Questa assenza non ha niente di drammatico, di violento.
Non è una denuncia contro il potere reso invisibile dalla corruzione. È una constatazione poetica e dolorosa di una generale assenza quotidiana. L’assenza di chi patisce, di chi subisce, di chi appunto non c’è perché ha alientato se stesso ai valori, ai miti, all’ideologia dominante, di chi ha regalato se stesso per un piatto di lenticchie.
Curiosamente i soli testimoni di questa dissoluzione umana sembrano essere le pareti, le tappezzerie, i cieli, le stanze, le strade, che comunicano una tranquilla e gloriosa gioia di esistere.
Assistiamo così ad una strana scomposizione ovvero inversione formale: gli oggetti inanimati prendono colore e forma, si fanno veri, animati, e gli esseri umani diventano irreali, sfuggenti, senza vita.
La colorata dolente assenza riguarda sia gli uomini che le donne.

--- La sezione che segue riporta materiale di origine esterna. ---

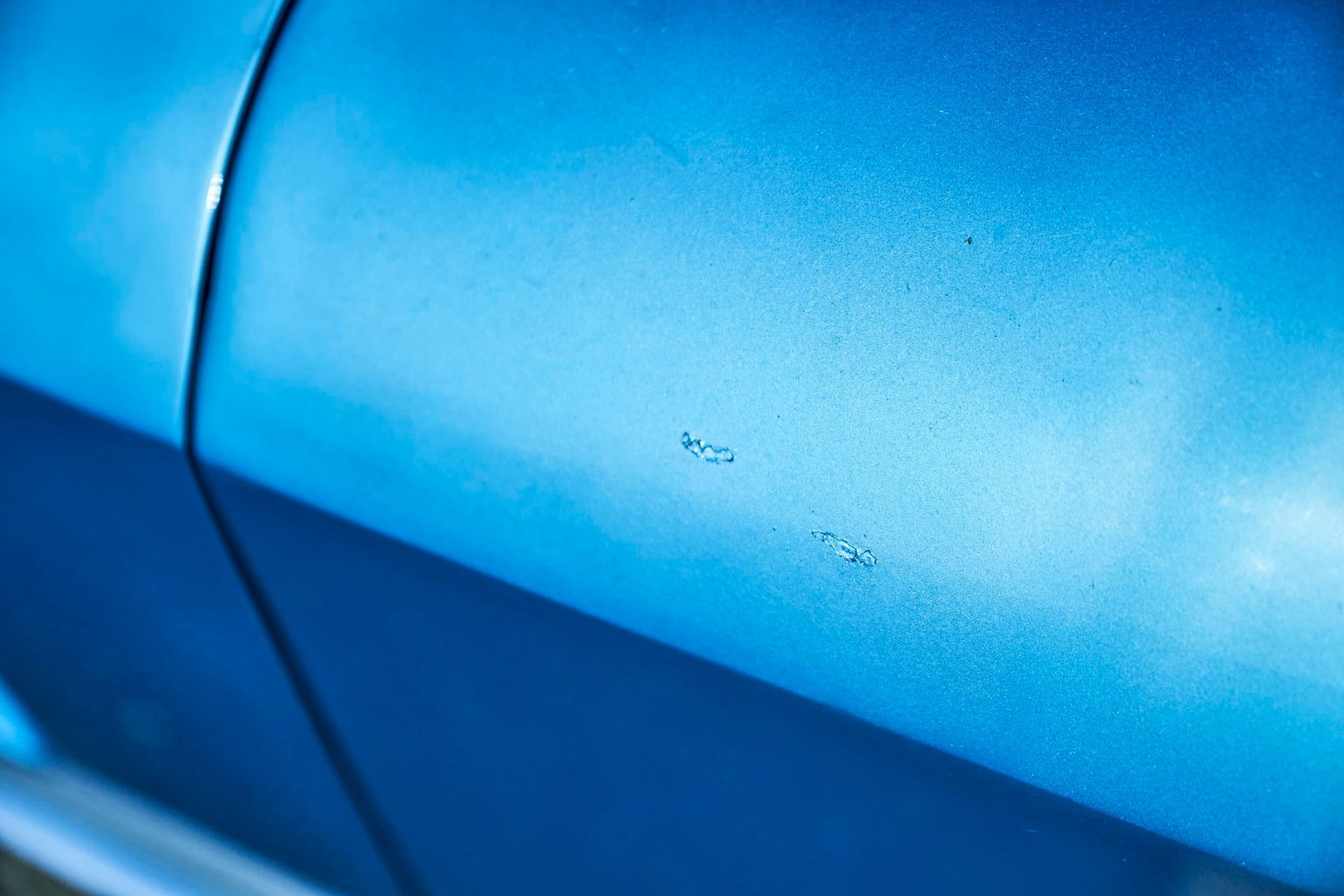 Close-up of blue car paint with small scratches, reflecting light.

Ma mentre per gli uomini si rivela saltuaria e rimediabile, per le donne sembra essere costante e irrimediabile.
Le donne sono la presenza più corposa e struggente di questi quadri. Esse passano da una infanzia spettrale ad una adolescenza scolorita, mutilata, per continuare con una giovinezza dalla consistenza calcarea, da cui poi entrano in una maternità fantomatica e finiscono con una vecchiaia che ha la palpabilità della stoffa bruciata.
La bambina sorride, tutta bianca, gessosa, senza gambe, accoccolata sopra una roccia scura che mette in risalto, per contrasto la sua inconsistenza sorridente e aerea. La ragazzina gioca pensierosa sopra le ginocchia di un padre che si fa corpo solo dalla cintola in giù. La scolara ha già perso la testa, le mani, le gambe, si è ridotta ad un grembiule gonfio di nulla che se ne sta in piedi contro un cielo molle scolorito. La giovinetta si è trasformata in una statua grigia e porta un velo nero sulla faccia composta, da morta. La moglie è un torso di manichino ravvivato da una sottoveste stile novecento decorata da disegni eleganti e lugubri. La donna incinta è una pelle umana appesa ad un attaccapanni, i seni e il ventre bene in vista nella loro trasparenza cadaverica. La madre è un vestito verde-blu dal cui collo senza testa spunta una piantina striminzita. La vecchia, sorretta da un bastone nero e un cappotto anonimo che si chiude contro un fondo chiaro, abbacinato.
La chiave figurativa è il surrealismo. Ma un surrealismo rivisitato con occhi consapevoli. Un surrealismo rinato dall’amore doloroso della pittrice per la realtà sfuggente, irrapresentabile e illegibile di un tempo di transizione fra la vecchia affascinante barbarie storica e una nuova sconosciuta ammaliante barbarie senza nome.
1976, Roma – Galleria Sirio, mostra “Un’Assenza Quotidiana”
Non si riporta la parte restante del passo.